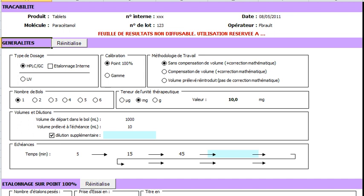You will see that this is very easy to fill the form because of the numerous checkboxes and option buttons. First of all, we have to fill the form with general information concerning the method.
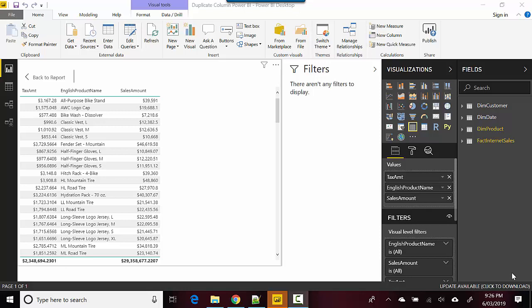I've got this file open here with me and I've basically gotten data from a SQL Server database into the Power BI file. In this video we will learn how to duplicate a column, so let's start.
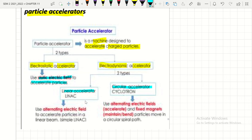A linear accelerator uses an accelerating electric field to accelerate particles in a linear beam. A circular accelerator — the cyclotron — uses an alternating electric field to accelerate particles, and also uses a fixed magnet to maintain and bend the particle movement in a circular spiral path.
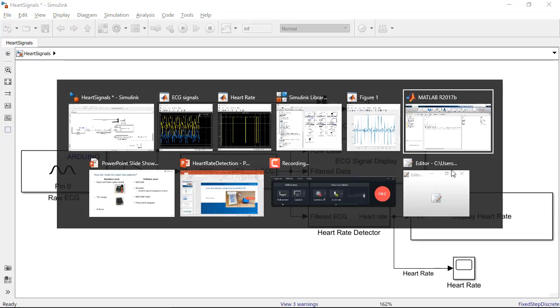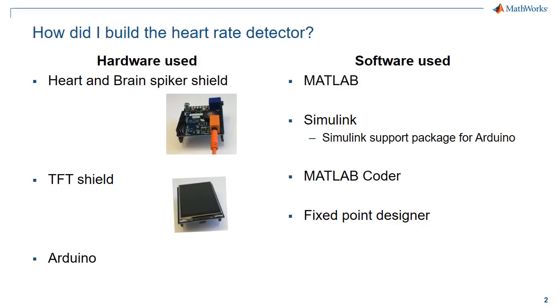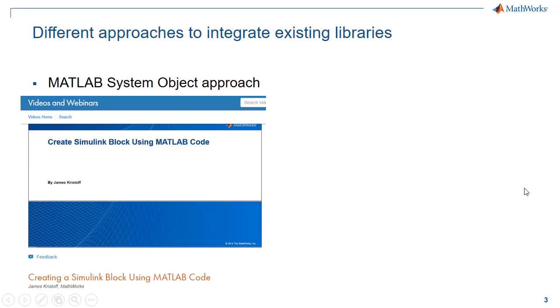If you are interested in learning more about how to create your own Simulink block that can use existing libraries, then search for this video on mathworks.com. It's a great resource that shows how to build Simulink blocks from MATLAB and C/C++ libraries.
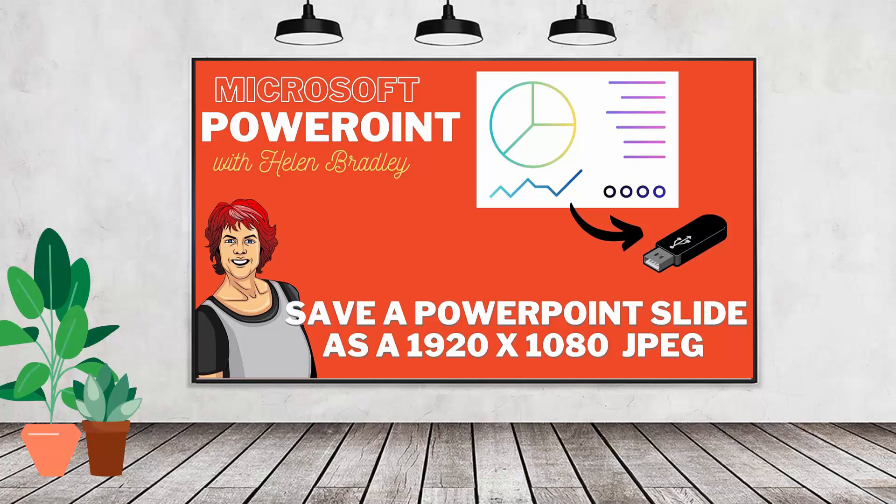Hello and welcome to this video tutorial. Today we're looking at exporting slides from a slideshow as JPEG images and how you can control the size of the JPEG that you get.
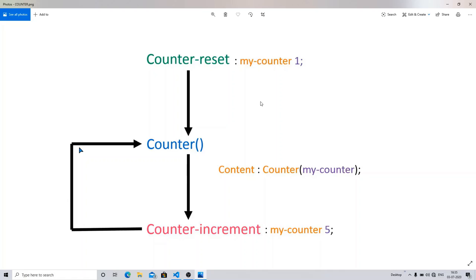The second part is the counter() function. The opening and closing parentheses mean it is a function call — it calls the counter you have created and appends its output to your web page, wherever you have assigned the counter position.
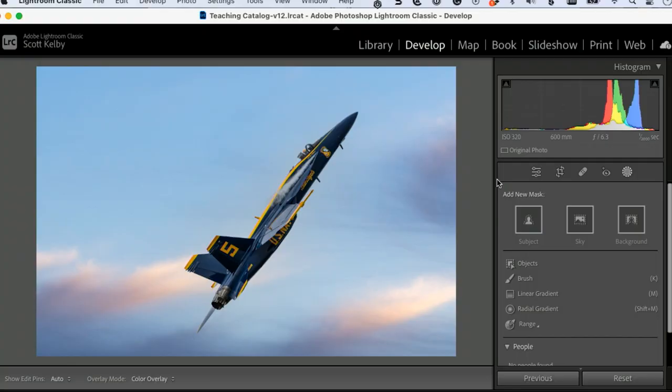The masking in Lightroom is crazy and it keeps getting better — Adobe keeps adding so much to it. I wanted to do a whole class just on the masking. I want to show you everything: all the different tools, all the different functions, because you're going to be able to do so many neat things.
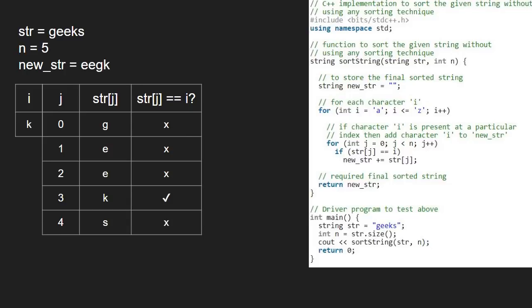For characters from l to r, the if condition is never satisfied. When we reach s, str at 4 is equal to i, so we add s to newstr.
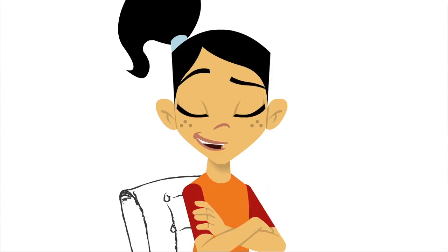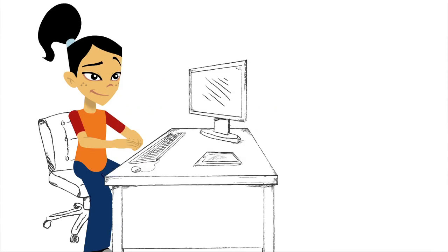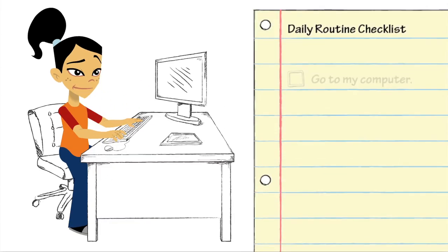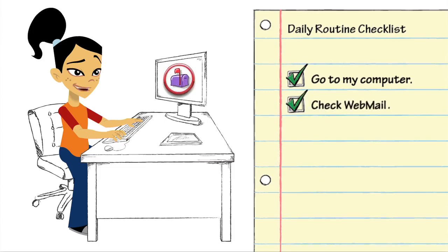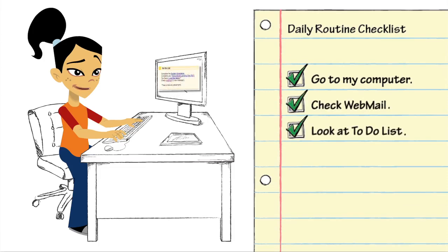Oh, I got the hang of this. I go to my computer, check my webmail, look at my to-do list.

========================================

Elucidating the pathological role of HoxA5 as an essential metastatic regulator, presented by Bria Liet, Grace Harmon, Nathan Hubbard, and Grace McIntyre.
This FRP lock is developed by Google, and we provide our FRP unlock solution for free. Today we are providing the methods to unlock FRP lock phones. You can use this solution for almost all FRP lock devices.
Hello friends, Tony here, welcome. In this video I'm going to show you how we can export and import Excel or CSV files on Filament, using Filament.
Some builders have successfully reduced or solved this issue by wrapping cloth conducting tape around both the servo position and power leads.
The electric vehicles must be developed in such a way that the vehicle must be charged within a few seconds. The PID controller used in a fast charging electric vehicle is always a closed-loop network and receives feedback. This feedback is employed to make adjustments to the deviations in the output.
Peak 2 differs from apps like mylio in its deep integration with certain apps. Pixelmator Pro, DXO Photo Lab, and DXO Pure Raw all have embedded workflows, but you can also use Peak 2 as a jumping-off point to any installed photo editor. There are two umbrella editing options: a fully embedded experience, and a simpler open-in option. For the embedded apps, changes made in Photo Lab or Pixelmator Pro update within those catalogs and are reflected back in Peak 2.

========================================

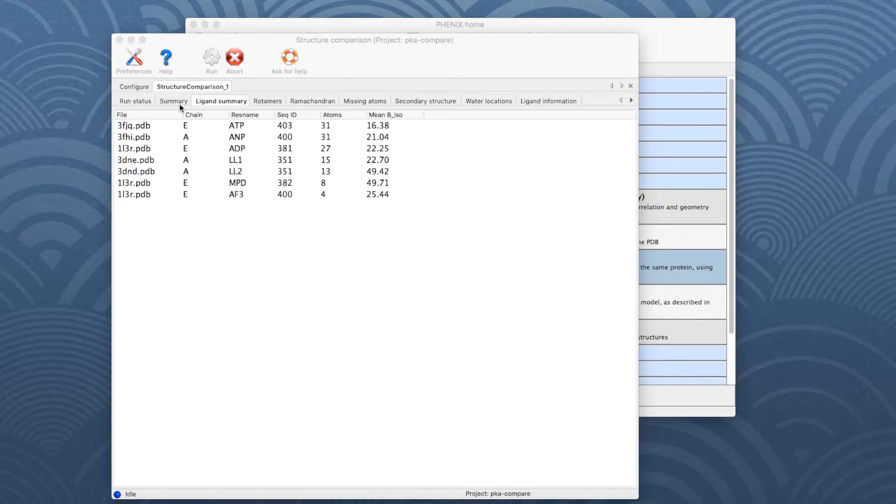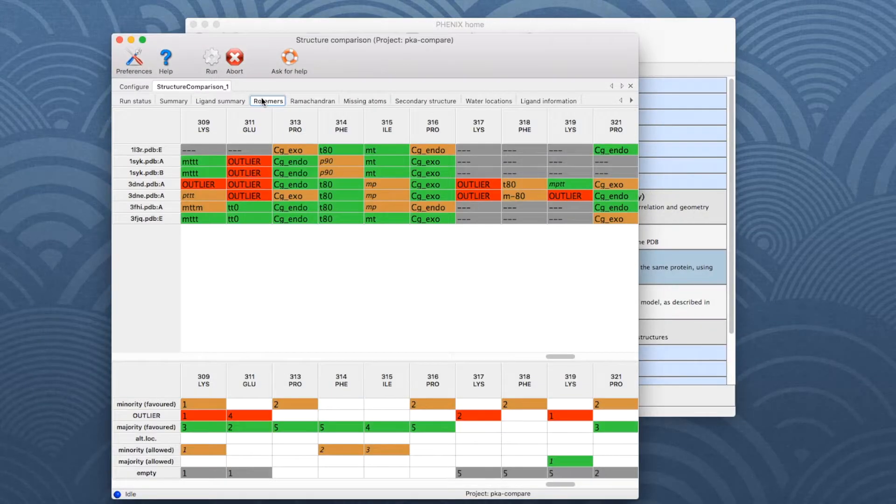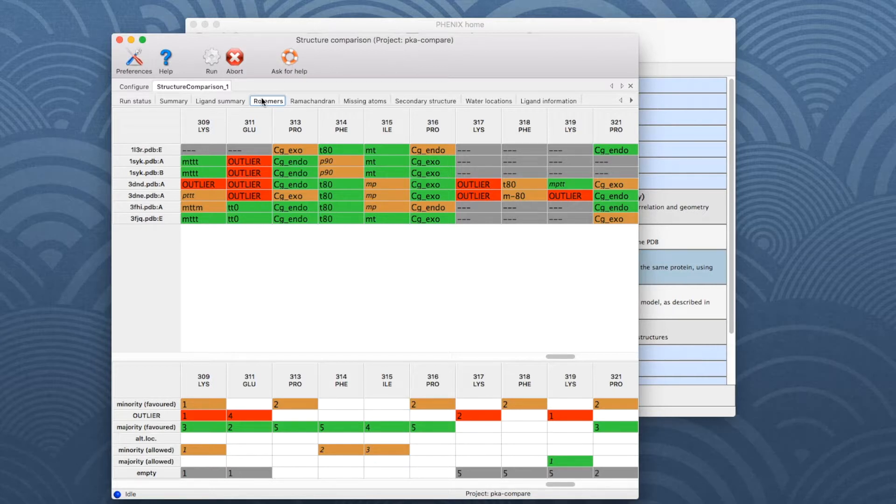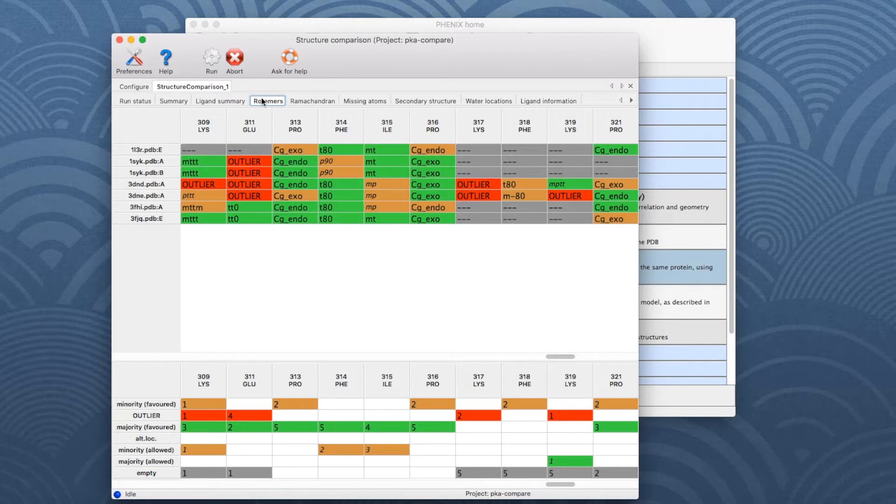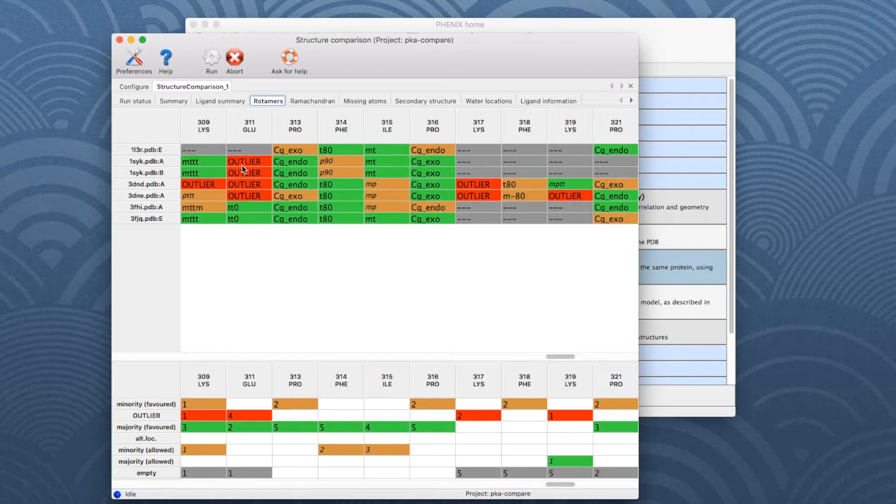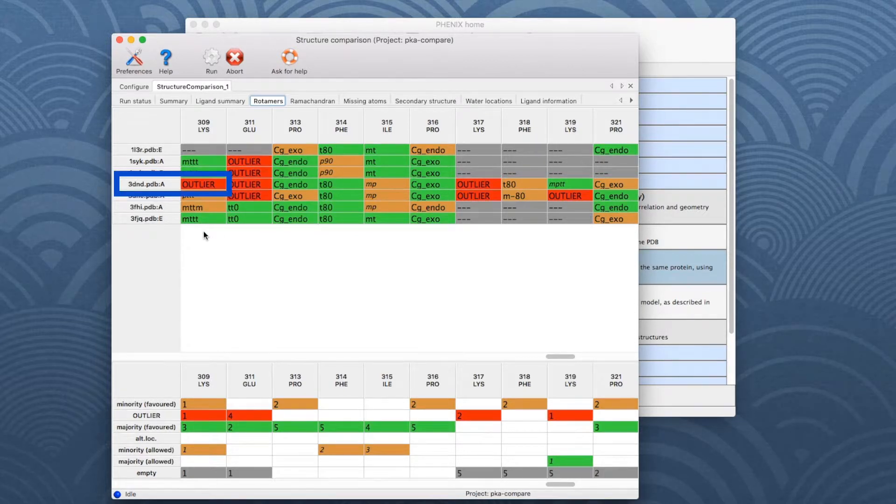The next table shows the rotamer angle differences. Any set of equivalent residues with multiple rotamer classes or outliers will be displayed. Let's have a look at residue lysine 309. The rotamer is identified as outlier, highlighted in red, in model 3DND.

========================================

Work request: Output only the lines above from the line that holds "You will see" through the line that holds "The second part", both ends included, and exclude pictures.

Exercise result:
You will see that this is very easy to fill the form because of the numerous checkboxes and option buttons. First of all, we have to fill the form with general information concerning the method.
I've got this file open here with me and I've basically gotten data from a SQL Server database into the Power BI file. In this video we will learn how to duplicate a column, so let's start.
A linear accelerator uses an accelerating electric field to accelerate particles in a linear beam. A circular accelerator — the cyclotron — uses an alternating electric field to accelerate particles, and also uses a fixed magnet to maintain and bend the particle movement in a circular spiral path.
If you are interested in learning more about how to create your own Simulink block that can use existing libraries, then search for this video on mathworks.com. It's a great resource that shows how to build Simulink blocks from MATLAB and C/C++ libraries.
Hello and welcome to this video tutorial. Today we're looking at exporting slides from a slideshow as JPEG images and how you can control the size of the JPEG that you get.
The second part is the counter() function. The opening and closing parentheses mean it is a function call — it calls the counter you have created and appends its output to your web page, wherever you have assigned the counter position.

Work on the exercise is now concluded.